* Work task *
Omit all pictures and transcribe only the lines in the entries below that run from the line with "Jimena emerald solitaire" through the line with "全自動(dòng)食用油灌裝機(jī)生產(chǎn)線設(shè)備".

* Task material *
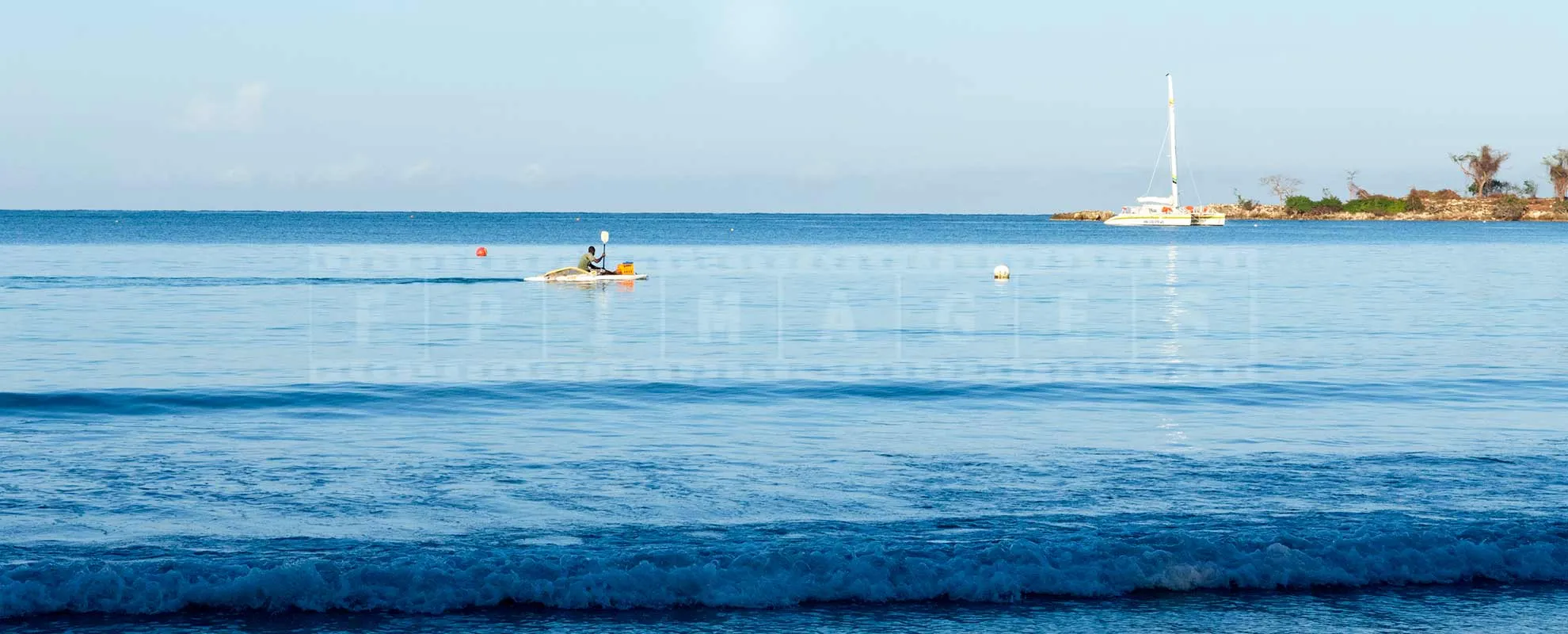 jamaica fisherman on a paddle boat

---

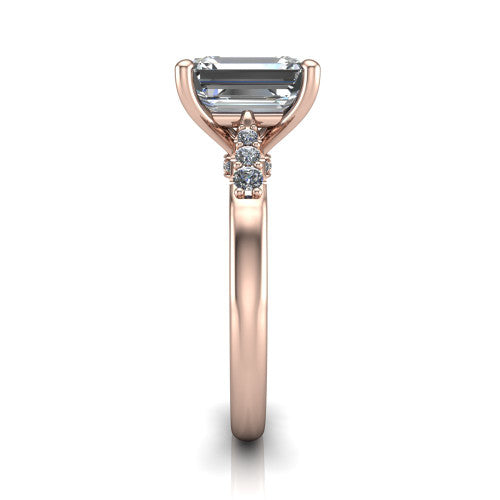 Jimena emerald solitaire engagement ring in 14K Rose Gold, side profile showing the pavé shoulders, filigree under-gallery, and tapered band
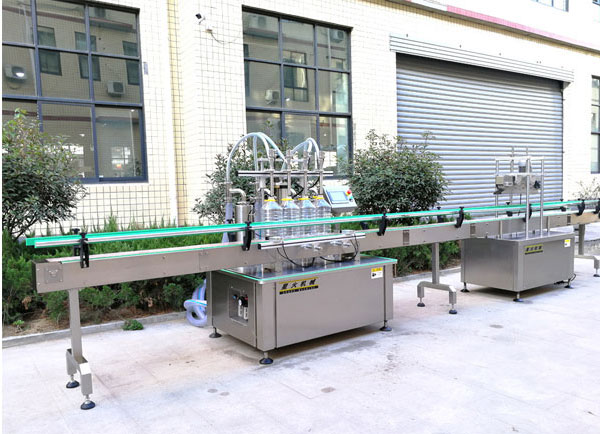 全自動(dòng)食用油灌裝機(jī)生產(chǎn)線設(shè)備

...

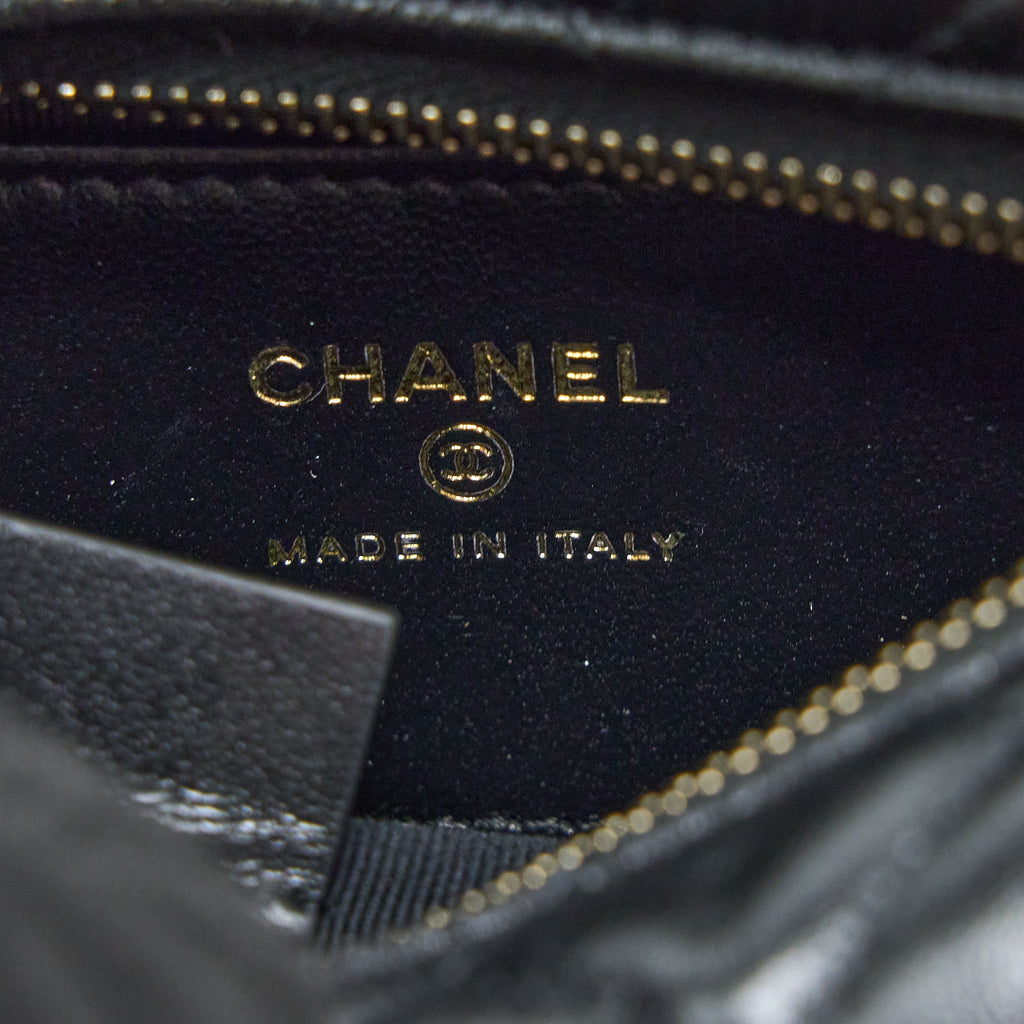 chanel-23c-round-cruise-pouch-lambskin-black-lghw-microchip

* Response for this exercise *
 Jimena emerald solitaire engagement ring in 14K Rose Gold, side profile showing the pavé shoulders, filigree under-gallery, and tapered band
 全自動(dòng)食用油灌裝機(jī)生產(chǎn)線設(shè)備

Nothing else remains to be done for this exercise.